## DATA FOR ANALYSIS
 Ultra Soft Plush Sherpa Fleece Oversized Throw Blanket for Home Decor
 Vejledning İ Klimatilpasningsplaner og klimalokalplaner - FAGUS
==
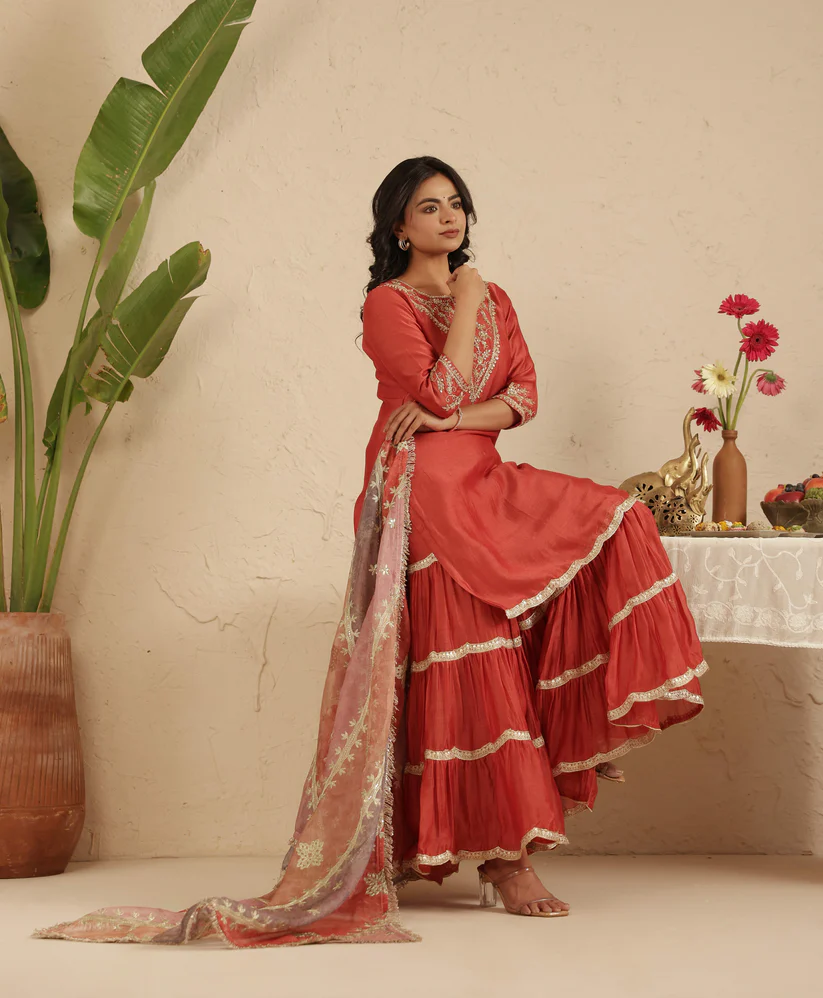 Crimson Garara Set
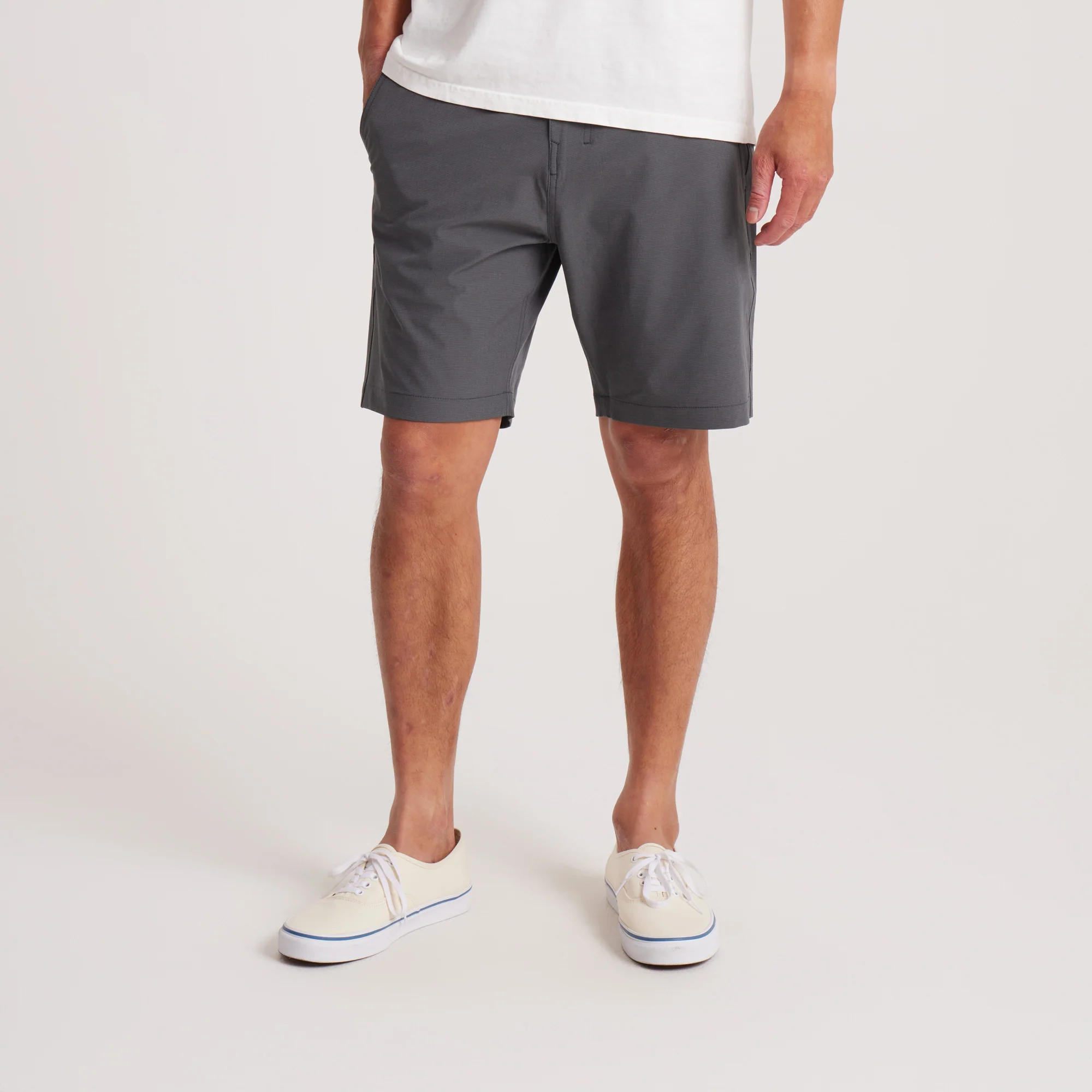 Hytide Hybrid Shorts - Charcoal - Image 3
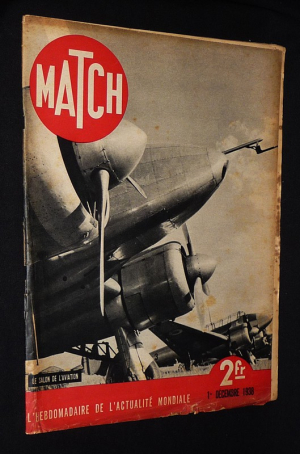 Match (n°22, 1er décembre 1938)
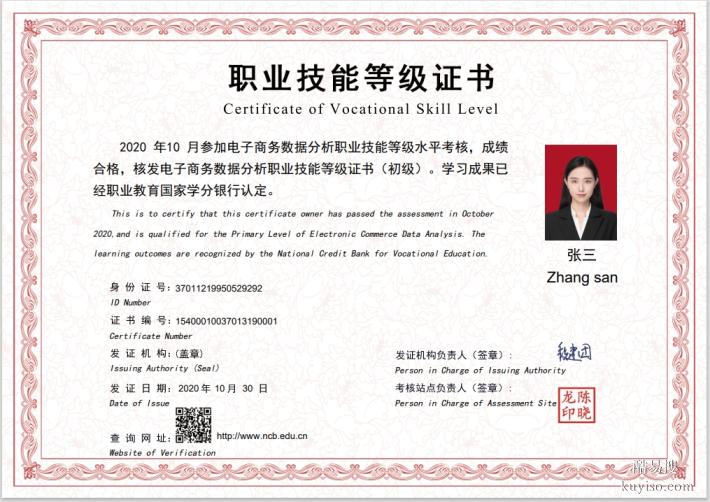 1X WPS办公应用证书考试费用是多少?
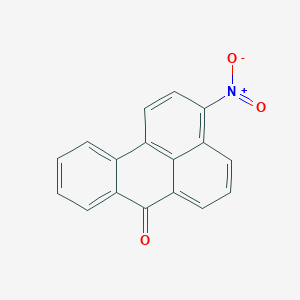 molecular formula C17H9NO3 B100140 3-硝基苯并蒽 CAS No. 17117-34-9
* * *
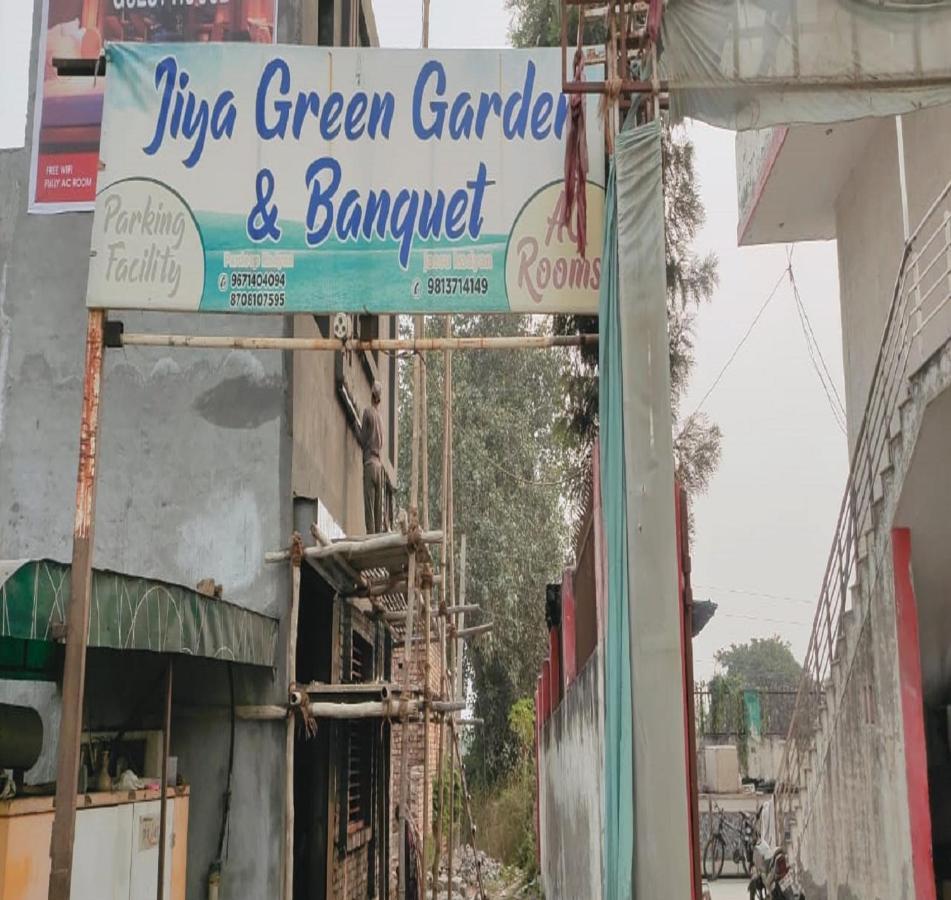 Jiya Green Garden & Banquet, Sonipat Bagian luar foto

## INSTRUCTIONS TO FOLLOW
All that is wanted is the lines above between the one containing "1X WPS办公应用证书考试费用是多少?" and the one containing "molecular formula C17H9NO3", inclusive, restated word for word, with pictures omitted.

## PROBLEM SOLUTION
 1X WPS办公应用证书考试费用是多少?
 molecular formula C17H9NO3 B100140 3-硝基苯并蒽 CAS No. 17117-34-9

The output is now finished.